Tuesday 6 March 2018, by ps

The Soviet Revolution of 1917 raised a wave of enthusiasm among workers all over the world. More and more radicals had felt estranged since the turn of the century by the various labor and socialist parties which had progressively turned their backs to internationalism and were growing impatient to gain electoral seats in their respective countries. The new-born Communist Parties rallied many anarchists, thus creating a split with the old-timers who soon became isolated both from the working class and the broader social movement except in Spain and Italy.

The era of revolutions gave the illusion that the tide was turning. Yet, the repressions that followed the series of insurrections that occurred in central Europe in the aftermath deprived the movement of some of its best leaders and speakers. The United States condemned to exile people like Emma Goldman or Alexander Berkman, and many organizers of the Industrial Workers of the World, whose ideas had enriched many discussions in English speaking countries abroad.

An examination of the Scottish landscape offers an outlook that may convey some insight on the issues which confronted the movement as a whole. This study is in progress and I hope that suggestions and research will progressively confirm or dismiss some of these educated guesses.

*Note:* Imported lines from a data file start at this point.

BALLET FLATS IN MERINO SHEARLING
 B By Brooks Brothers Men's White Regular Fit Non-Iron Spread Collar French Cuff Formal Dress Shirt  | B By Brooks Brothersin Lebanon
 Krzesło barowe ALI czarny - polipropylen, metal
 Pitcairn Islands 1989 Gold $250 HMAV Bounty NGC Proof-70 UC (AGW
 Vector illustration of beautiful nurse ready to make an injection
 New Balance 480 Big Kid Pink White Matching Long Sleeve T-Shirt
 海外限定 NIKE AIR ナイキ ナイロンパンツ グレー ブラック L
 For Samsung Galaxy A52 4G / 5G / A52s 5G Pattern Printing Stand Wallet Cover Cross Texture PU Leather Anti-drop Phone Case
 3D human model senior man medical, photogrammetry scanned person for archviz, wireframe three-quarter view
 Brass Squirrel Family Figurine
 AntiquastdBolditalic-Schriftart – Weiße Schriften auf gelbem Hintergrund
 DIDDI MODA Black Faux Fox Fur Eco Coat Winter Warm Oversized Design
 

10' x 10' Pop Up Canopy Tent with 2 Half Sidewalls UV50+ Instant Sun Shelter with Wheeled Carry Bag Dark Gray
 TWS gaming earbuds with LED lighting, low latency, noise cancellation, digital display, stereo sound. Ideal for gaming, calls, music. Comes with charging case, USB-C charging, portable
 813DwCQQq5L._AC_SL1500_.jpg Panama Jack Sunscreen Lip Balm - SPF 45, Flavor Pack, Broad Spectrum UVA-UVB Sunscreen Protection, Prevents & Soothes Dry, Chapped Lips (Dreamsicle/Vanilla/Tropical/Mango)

From what one can infer from the various individual recollections of the past, the Glasgow anarchist movement was a heritage of the Socialist League of which William Morris had been the great inspiration, though there is always some danger in drawing ideas from the past rather than from the social background in which the people live, even if both explanations are not incompatible.

It seems that a refugee from the Paris Commune, who settled in Glasgow with a woman named Macdonald, initiated the first anarchist group [1]. But the Glasgow people preferred to call themselves anti-parliamentarians, perhaps because like William Morris, they condemned the anarchist attentats. Such an epithet did give a poor reputation to the groups that adopted the name.

In certain respects, and in spite of persecution, militant activity offered many rewards. These were times when public medias hardly reached the masses, entertainments were mostly self-organized by the respective communities, "socialist" minded educators promoted youth activities and good public speakers attracted audiences.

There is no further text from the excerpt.